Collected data
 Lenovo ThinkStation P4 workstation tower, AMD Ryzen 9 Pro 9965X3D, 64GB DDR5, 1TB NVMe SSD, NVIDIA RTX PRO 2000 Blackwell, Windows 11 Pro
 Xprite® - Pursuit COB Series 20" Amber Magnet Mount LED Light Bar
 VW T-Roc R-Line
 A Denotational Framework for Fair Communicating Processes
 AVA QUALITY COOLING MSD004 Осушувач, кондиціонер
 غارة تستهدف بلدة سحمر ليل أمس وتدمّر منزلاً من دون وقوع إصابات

Instructions for the task> Exactly the lines from the one with "AVA QUALITY COOLING" through the final line of the entries are to be returned, both ends included.

Written answer>
 AVA QUALITY COOLING MSD004 Осушувач, кондиціонер
 غارة تستهدف بلدة سحمر ليل أمس وتدمّر منزلاً من دون وقوع إصابات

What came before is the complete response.